Mario Draghi’s term as president of the European Central Bank ends in October. It has been a tumultuous tenure; among other things, he very clearly saved the euro from collapse in 2012-13, which arguably makes him the greatest central banker of modern times.

But I come not to celebrate Draghi but to ask about the state of the euro as the age of Draghi draws to an end. This isn’t a rant. I’ve long been a euroskeptic, and there has been immense suffering in Greece, and to a lesser extent in Spain and Portugal. But Europe’s overall performance since the 2008 crisis has been better than I believe most U.S. observers realize.

The big problem now, I’d say, is the extreme fragility of Europe with respect to any future shocks. In the years since Draghi came in, the euro area has done surprisingly well in restoring growth and regaining employment losses. But this success rests on extremely low interest rates and an undervalued euro.

What this means is that Europe has essentially no “monetary space” – there is nothing more it can do if something goes wrong. If there’s a Chinese recession, or Trump slaps tariffs on German cars, or whatever, what can Europe do? The ECB can’t significantly ease monetary policy. Fiscal expansion could help, but it would have to be led by Germany, which seems implausible.

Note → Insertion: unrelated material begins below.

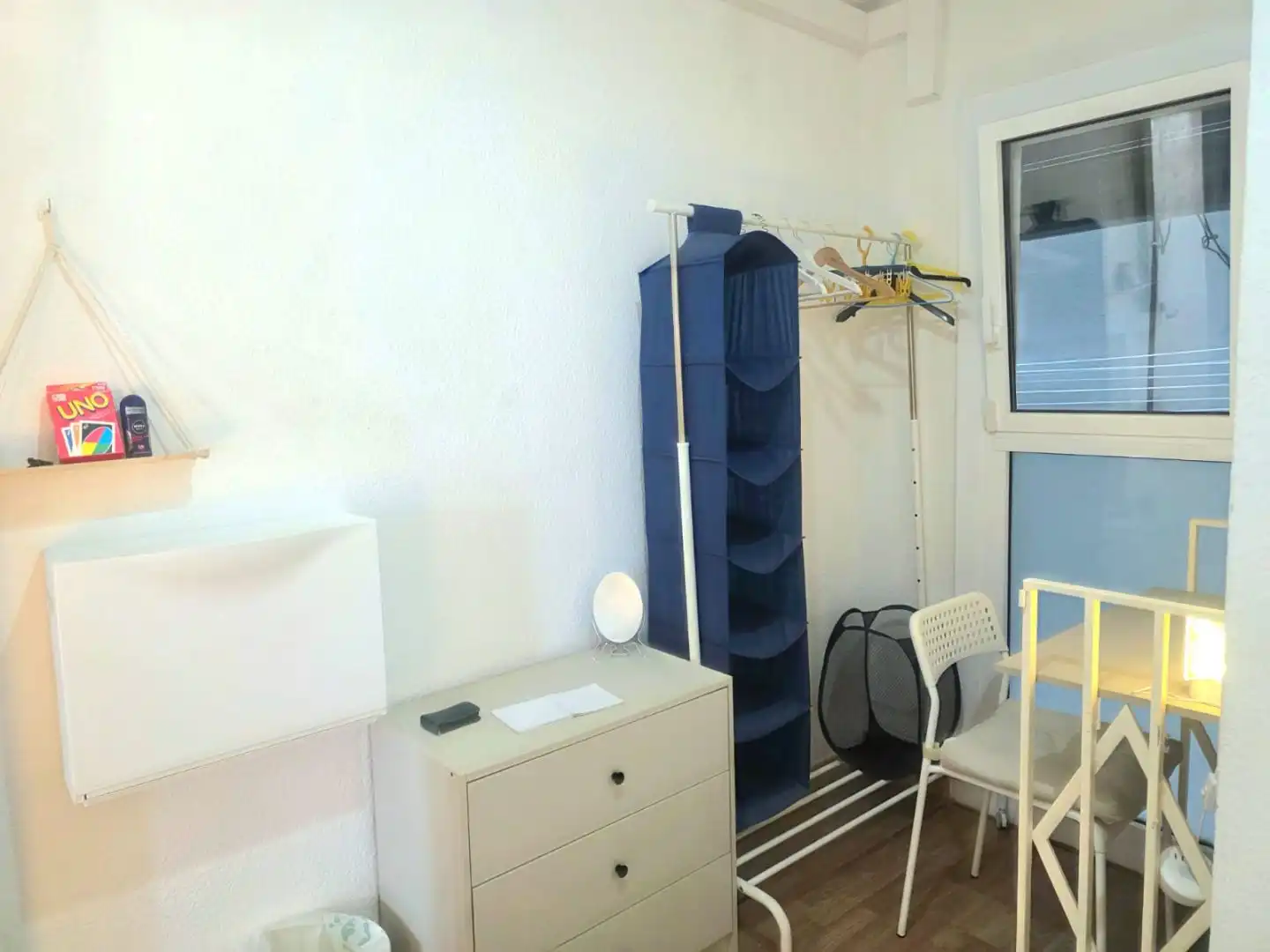Room in Carrer de la Conca de Tremp, 50, El Carmel Bedroom of Flat for share in Barcelona with Air Conditioner, Heating and Parquet flooring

Still, it seems worth talking about how things have gone so far, which is better than many imagine.

Start with growth in the euro area. Here I show real GDP growth since 2007, compared with growth in the US:

Three things seem obvious. First, Europe took a major wrong turn in 2011, partly because of the debt crisis, partly because Jean-Claude Trichet’s ECB made the incredibly bad decision to respond to rising commodity prices by raising interest rates despite high unemployment. Second, things stabilized once Draghi said his famous three words – “whatever it takes” – and implemented a sustained policy of monetary expansion. Third, overall European growth has nonetheless fallen far behind the U.S.

This last point, however, is largely an illusion. Europe has much slower growth in its working-age population than the U.S. does, and once you adjust for the difference in demographics the performance of the two economies doesn’t look that much different:

Finally, while European unemployment is consistently higher than that in the U.S., there’s a growing sense that measured unemployment is a problematic measure, that it’s better to look at prime-age employment. And by that measure Europe has done almost exactly as well as the U.S.:

So Europe has done better than most Americans imagine. But it has done so only thanks to two things: incredibly low interest rates – literally negative for some assets; and a large trade surplus due to that undervalued euro.

Again, what if something goes wrong? America’s situation isn’t great, but in the face of a recession the Fed has some room to cut, and Congress might enact some fiscal stimulus. The ECB has no such room; the trade surplus probably can’t get bigger; Europe has no government to provide fiscal stimulus. There is some fiscal space for expansion in Germany, but it might as well be on the far side of the moon.

So what future for Europe after Draghi? The continent is doing OK right now, to an important extent thanks to Draghi’s actions. But there are no reserves of strength, no ammunition to fire, to deal with anything bad. And bad things happen.